1. For the first time since I was 12, I’m glad to see the regular baseball season come to an end.
Not only was the 60-game make-shift schedule played before empty stadiums, with fake crowd noises and cardboard cut-outs a farce, but it looks like some of the accommodations made to adjust to Life Under Lockdown will stick, cheapening the game forever. The worst is the expanded play-off system, which, like the National Hockey League version, basically makes the regular season irrelevant. Maybe the habitually wrong-headed owners will reject it for future seasons, but I’m not sanguine. The extra-innings gimmick of starting each half-inning with a player on second is an abomination, and only slightly less offensive are the seven inning games in double-headers.
Meanwhile, I haven’t watched or followed a Boston Red Sox game since the team joined the one-day wildcat strike to protest the racist, brutal shooting of Jacob Blake, which was neither racist in motive nor an example of police brutality. I’ll be writing a long letter to the team this week: if it alienated me, it’s not only in trouble, it doesn’t know its fan base. And if I get anything approaching the “you’re just a racist not to believe that black lives matter” response that I got from idiot Boston sportswriter Pete Abraham, I’m burning all my Red Sox memorabilia, and burying the stuff that doesn’t burn.
Meanwhile, the club showed its ethics deficits in other ways.
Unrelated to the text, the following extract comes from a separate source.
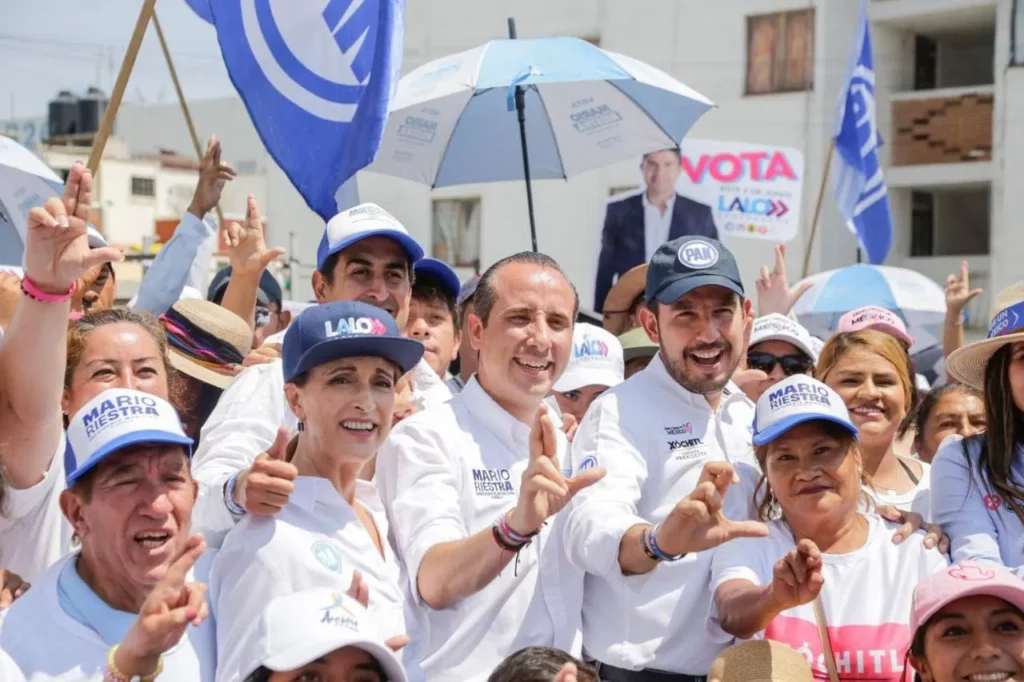 Marko Cortés y Mario iestra en la capital poblana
Before today’s merciful finale, the team announced that manager Ron Roenicke would not be returning in 2021, a move that was inevitable but that certainly didn’t have to be made now, before the season was even over. Roenicke did nothing to distinguish himself in the lost 2020 season, but he was a good soldier, doing his best—which appears to be mediocrity personified—to guide a snake-bitten team that began by losing its popular manager, Alex Cora because he’s a cheater, then traded its best player, superstar Mookie Betts, then lost its star pitcher to arm surgery and its second best pitcher to the complications from Wuhan virus. The Boston team began a 60 game season by quickly falling ten games under .500, guaranteeing no post season slot, and several of the veteran players started going through the motions. Roenicke, in short, never had wisp of a chance, and the team would have crashed if he were a combination of Casey Stengel, Earl Weaver, John McGraw and Connie Mack
Boston fans, even those that are not disgusted with the team for slapping huge racist, Marxist, lie-based slogans inside and outside Fenway Park, will not want to be reminded of this season, so Roenicke’s demise was mandatory, but he deserved to be treated with some respect. Not even waiting until the season to dump him was over has a “this guy is so bad we can’t stand having him around another second” stench to it, and he did not deserve that.
Well, there’s always the Yankees...
2. Forced political conformity at Kroger…and also that religious intolerance thingy…is going to be determined based on whether a company logo is a gay pride statement or not.
The Equal Employment Opportunity Commission is suing the Kroger Company for discrimination after two employees at an Arkansas store were fired for not wearing a rainbow symbol representing LGBTQ support. The EEOC alleges that a store in Conway, Arkansas., infringed on the religious beliefs of two employees by firing them for refusing to wear an apron with a multi-colored heart symbol.
The suit seeks seeking back pay, compensatory damages, and a halt to any future discrimination under Title VII of the Civil Rights Act. Here is the symbol:
When the Conway Kroger introduced a new dress code in April, 2019, it asked employees to wear an apron with that emblem on the bib. Various versions of the rainbow have long been used as pro-LGBTQ symbolism; the question is whether the heart qualifies. Many advocates for the cause deny it, and corporate marketing materials for other Kroger venues explain that the four-colored heart means “Everyone Friendly and Caring, Everything Fresh, Uplift Every Way, Improve Everyday.”
Sure. It seems clear to me that Kroger was trying to appeal to the rainbow market without explicitly making an unambiguous statement. If both employees had a “good faith belief” that the multicolored heart represented the LGBTQ cause and forced them to reject tenets of their religion, should they have to wear the emblem?
Like so many of these clashes involving the gay community and religion, this controversy could have been avoided and should have been. It wouldn’t be enough to allow the employees to eschew wearing the emblem, because that would be viewed as an anti-LGBTQ statement, and no employee should be placed in that position. Political and social statements in the workplace should be strictly prohibited, be they flag pins, MAGA hats, pink ribbons, or whatever this heart is. They should definitely never be mandatory.
Kroger is at fault here, whether it was trying to suck up to a demographic without being open about it, or whether it blundered into this mess through incompetence.